### LISTED ENTRIES
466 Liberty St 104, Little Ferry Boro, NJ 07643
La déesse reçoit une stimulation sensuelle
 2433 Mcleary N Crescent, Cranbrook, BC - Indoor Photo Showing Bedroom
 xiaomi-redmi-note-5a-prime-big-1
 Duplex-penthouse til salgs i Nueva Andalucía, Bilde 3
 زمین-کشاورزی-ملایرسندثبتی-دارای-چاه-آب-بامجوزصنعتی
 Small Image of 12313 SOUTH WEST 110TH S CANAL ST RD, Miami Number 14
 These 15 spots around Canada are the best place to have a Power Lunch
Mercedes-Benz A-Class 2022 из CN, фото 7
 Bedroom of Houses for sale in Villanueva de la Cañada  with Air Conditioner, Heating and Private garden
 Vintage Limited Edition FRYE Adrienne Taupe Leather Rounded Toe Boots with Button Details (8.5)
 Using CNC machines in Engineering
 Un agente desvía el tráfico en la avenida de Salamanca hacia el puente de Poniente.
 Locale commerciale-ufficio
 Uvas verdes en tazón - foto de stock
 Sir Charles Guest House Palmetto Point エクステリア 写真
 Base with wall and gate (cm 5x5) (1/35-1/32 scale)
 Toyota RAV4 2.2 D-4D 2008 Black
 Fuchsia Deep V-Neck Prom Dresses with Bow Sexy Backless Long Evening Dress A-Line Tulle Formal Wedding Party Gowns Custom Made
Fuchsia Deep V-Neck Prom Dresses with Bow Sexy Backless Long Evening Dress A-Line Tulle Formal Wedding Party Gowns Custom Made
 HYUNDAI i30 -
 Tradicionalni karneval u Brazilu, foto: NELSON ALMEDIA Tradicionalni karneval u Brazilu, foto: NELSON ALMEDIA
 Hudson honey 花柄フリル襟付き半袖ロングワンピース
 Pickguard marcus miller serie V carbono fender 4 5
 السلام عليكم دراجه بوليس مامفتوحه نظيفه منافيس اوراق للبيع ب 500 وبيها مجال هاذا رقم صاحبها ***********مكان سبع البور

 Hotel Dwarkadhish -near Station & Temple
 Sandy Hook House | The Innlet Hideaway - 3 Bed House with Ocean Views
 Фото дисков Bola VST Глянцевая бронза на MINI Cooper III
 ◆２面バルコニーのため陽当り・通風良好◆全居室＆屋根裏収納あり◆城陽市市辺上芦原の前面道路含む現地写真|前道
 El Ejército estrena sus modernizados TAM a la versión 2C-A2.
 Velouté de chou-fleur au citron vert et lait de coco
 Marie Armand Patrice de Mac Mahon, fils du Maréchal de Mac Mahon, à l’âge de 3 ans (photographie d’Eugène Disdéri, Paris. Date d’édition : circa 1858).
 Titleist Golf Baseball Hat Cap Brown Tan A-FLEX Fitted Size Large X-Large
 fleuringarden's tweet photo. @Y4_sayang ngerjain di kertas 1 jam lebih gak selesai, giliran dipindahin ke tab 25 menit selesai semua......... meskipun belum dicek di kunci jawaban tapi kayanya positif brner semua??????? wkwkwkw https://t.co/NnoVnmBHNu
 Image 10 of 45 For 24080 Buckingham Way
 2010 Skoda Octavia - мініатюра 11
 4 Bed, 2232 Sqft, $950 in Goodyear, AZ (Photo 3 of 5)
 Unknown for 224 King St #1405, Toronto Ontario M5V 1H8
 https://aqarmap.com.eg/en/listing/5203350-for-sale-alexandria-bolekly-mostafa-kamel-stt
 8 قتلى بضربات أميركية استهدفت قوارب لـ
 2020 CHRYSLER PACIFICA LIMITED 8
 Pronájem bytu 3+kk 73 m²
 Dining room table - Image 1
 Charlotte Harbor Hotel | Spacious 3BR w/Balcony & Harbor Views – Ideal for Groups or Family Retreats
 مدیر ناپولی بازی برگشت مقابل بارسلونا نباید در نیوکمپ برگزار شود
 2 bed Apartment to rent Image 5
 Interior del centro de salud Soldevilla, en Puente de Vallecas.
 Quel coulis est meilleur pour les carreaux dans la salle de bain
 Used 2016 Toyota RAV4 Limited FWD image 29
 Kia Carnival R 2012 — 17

### EXERCISE
Repeat exactly the lines of the listing above, from the one with "El Ejército estrena" down to the one with "Dining room table - Image 1"; both of those lines belong in the range.

### TASK ANSWER
 El Ejército estrena sus modernizados TAM a la versión 2C-A2.
 Velouté de chou-fleur au citron vert et lait de coco
 Marie Armand Patrice de Mac Mahon, fils du Maréchal de Mac Mahon, à l’âge de 3 ans (photographie d’Eugène Disdéri, Paris. Date d’édition : circa 1858).
 Titleist Golf Baseball Hat Cap Brown Tan A-FLEX Fitted Size Large X-Large
 fleuringarden's tweet photo. @Y4_sayang ngerjain di kertas 1 jam lebih gak selesai, giliran dipindahin ke tab 25 menit selesai semua......... meskipun belum dicek di kunci jawaban tapi kayanya positif brner semua??????? wkwkwkw https://t.co/NnoVnmBHNu
 Image 10 of 45 For 24080 Buckingham Way
 2010 Skoda Octavia - мініатюра 11
 4 Bed, 2232 Sqft, $950 in Goodyear, AZ (Photo 3 of 5)
 Unknown for 224 King St #1405, Toronto Ontario M5V 1H8
 https://aqarmap.com.eg/en/listing/5203350-for-sale-alexandria-bolekly-mostafa-kamel-stt
 8 قتلى بضربات أميركية استهدفت قوارب لـ
 2020 CHRYSLER PACIFICA LIMITED 8
 Pronájem bytu 3+kk 73 m²
 Dining room table - Image 1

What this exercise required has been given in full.